A new page will pop up. If this is the first time you search with an assembly function, make sure you always allow pop-ups from the server.
After the process finishes, the page will refresh and the result will be present. You can sort the result, filter the result by binary or name, and download the result in JSON form.
For each retrieved function, you can see the similarity, Flow Graph View
, Text Diff View
, Clone Group View
by clicking the corresponding icon. You can also see the Clone Graph
by clicking the handler on the right.
Flow Graph View
explores the cloned control flow graph structure between two functions. In asm2vec, we convert every assembly function into a vector. We can only tell two functions (two vectors) are similar, but we can't tell which parts of them are similar. Therefore, it can't show the convex hubs like it did with asm-clone.
Text Diff View
tries to fully align two assembly functions using a basic string alignment algorithm. It is useful to compare two functions with a high degree of similarity. The lines with a red background mean deletion while the ones with a green background mean addition.
You can see the interface for searching with a binary file by clicking BINARY COMPOSITION
on the homepage of the APP. Select a binary file through browsing or dragging. Then, set the searching parameters which is similar to search with an assembly function.

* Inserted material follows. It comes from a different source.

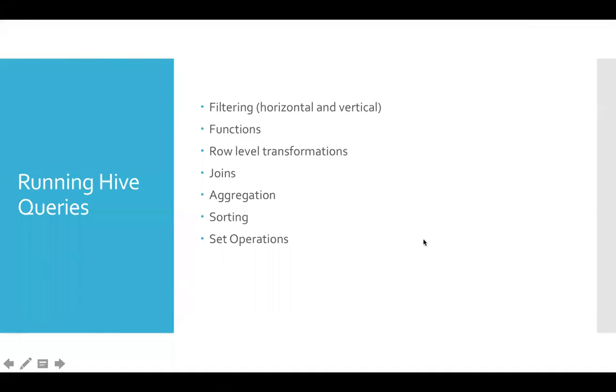So now let us talk about set operations. Set operations are not very important and Hive supports only union and union all. It doesn't support intersect or difference.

After you click ANALYZE
, the searching process begins.
After Kam1n0 completes a search query with a binary file, you can see it from the result file list on your user homepage. The .kam
file contains all the details about the query and the search results. The .kam
file can be found at %repository_directory%/UserFiles/. Specifically, the file contains several B-Tree which indexes the following information:
- the assembly functions of the query
- the assembly functions of all the involved assembly functions in the repository
- the clone details
You can edit the name of the result file by clicking its name.
You can see the result by clicking OPEN
.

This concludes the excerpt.